■ **Problem details**:
Word for word, write the records out again, but omit each picture.

■ **Task input**:
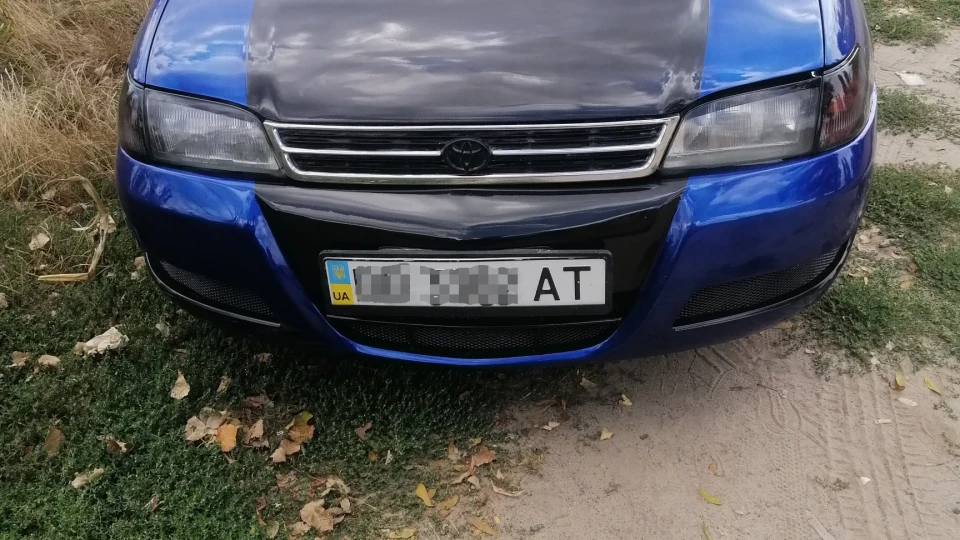 Toyota Carina E 1.6 2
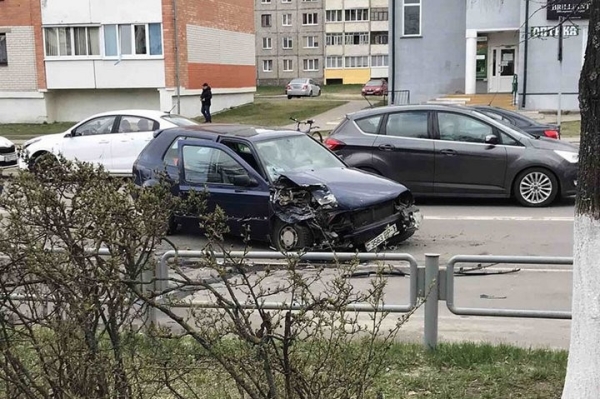 СК рассказал новые подробности смертельного ДТП в Брестской области. Водитель Chrysler был пьян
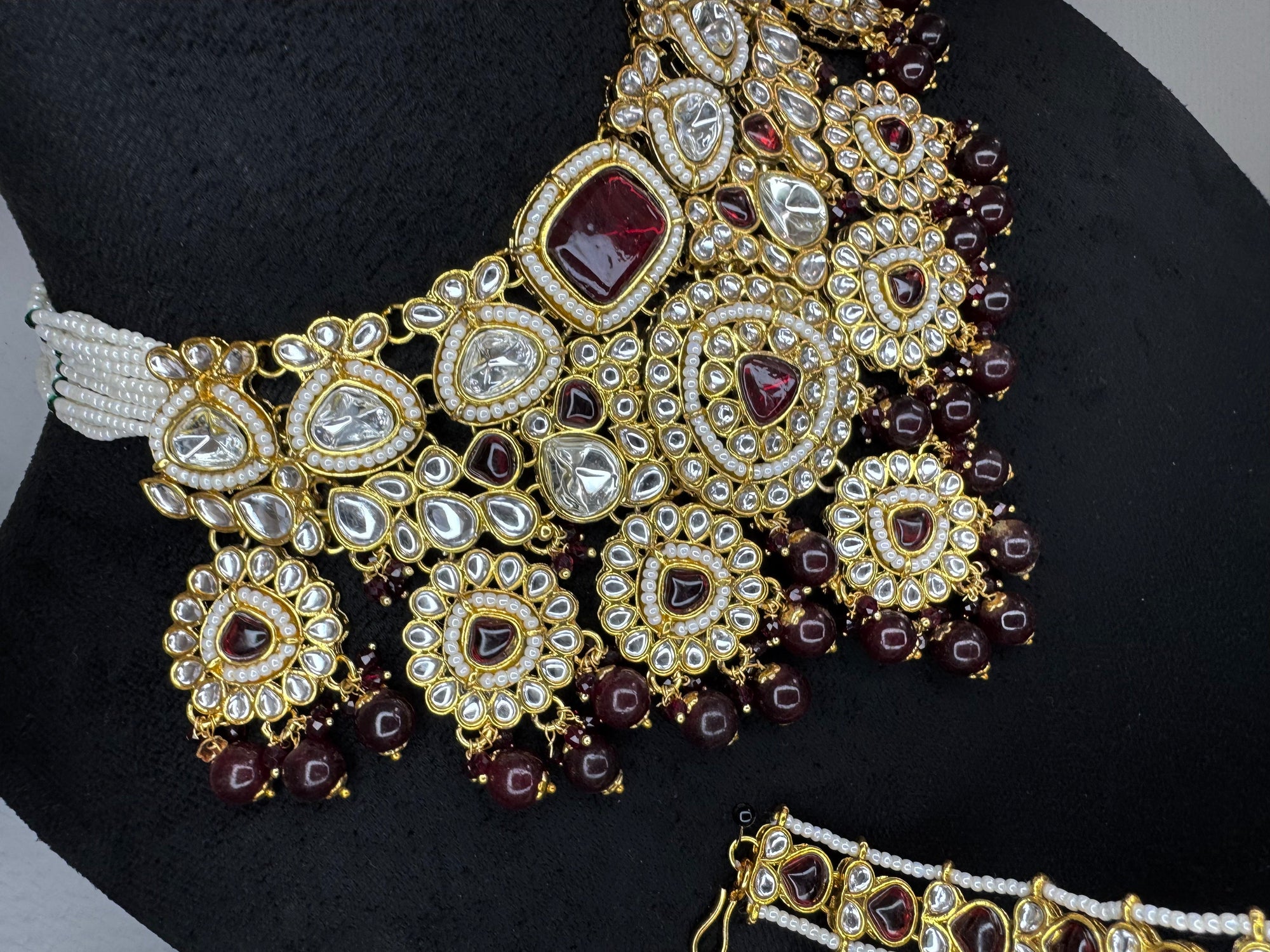 KUNDEN BRIDAL SET BURGUNDY GOLD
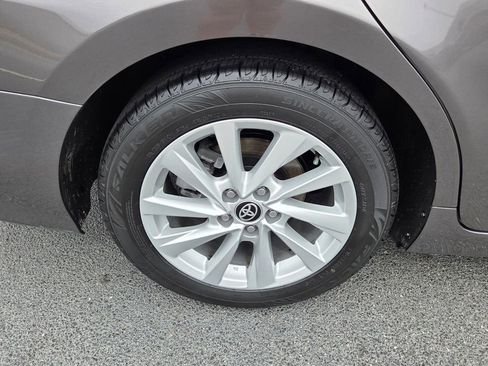 Used 2024 Toyota Camry LE w/ Convenience Package image 13
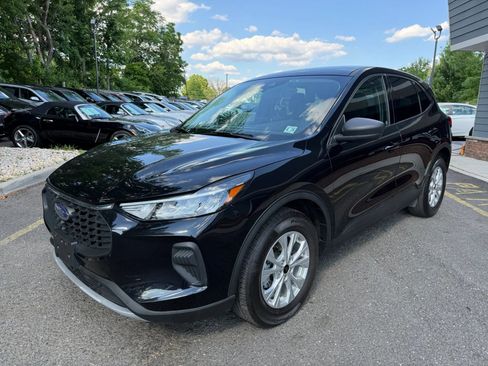 Used 2023 Ford Escape Active AWD/4WD image 2
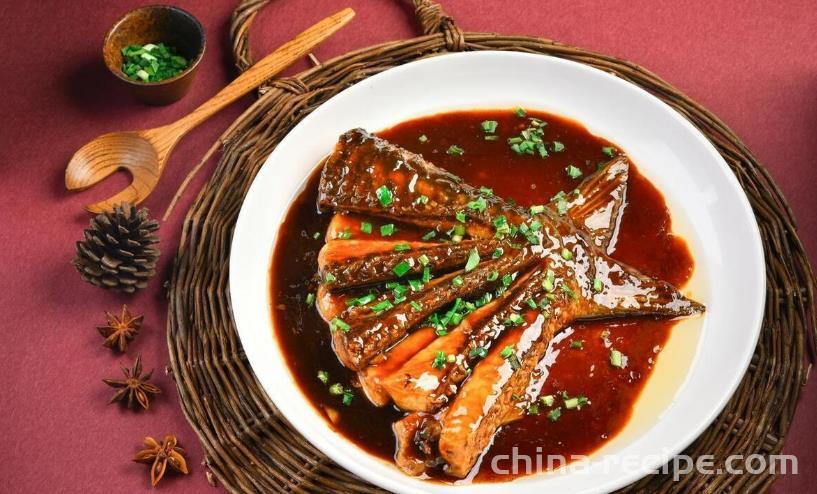 The method of braised fish tail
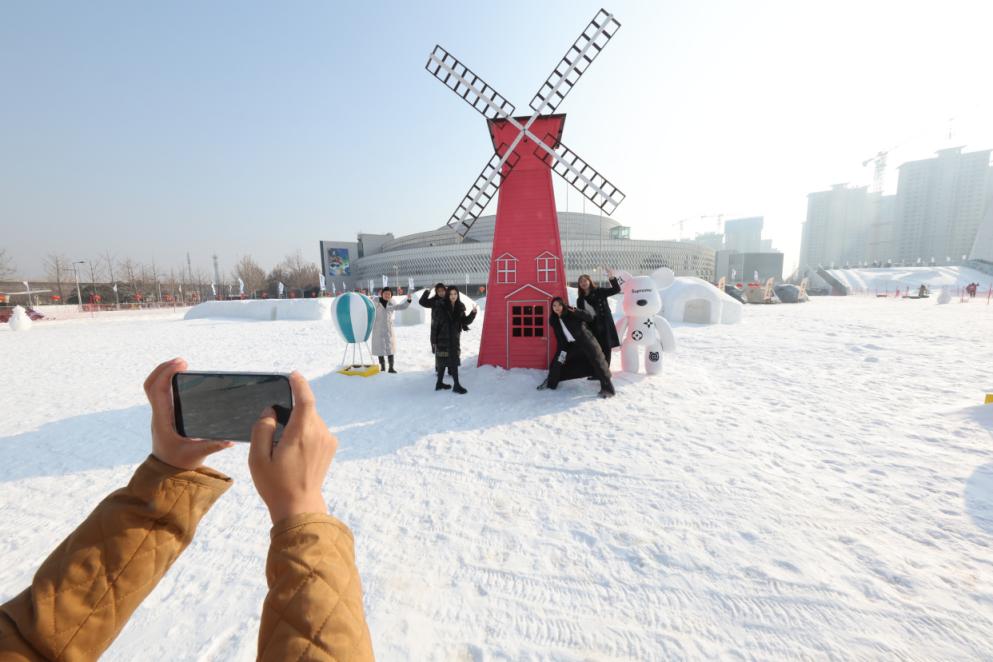 北京园博园冰雪乐园搭建了s弯雪圈滑道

■ **Response**:
 Toyota Carina E 1.6 2
 СК рассказал новые подробности смертельного ДТП в Брестской области. Водитель Chrysler был пьян
 KUNDEN BRIDAL SET BURGUNDY GOLD
 Used 2024 Toyota Camry LE w/ Convenience Package image 13
 Used 2023 Ford Escape Active AWD/4WD image 2
 The method of braised fish tail
 北京园博园冰雪乐园搭建了s弯雪圈滑道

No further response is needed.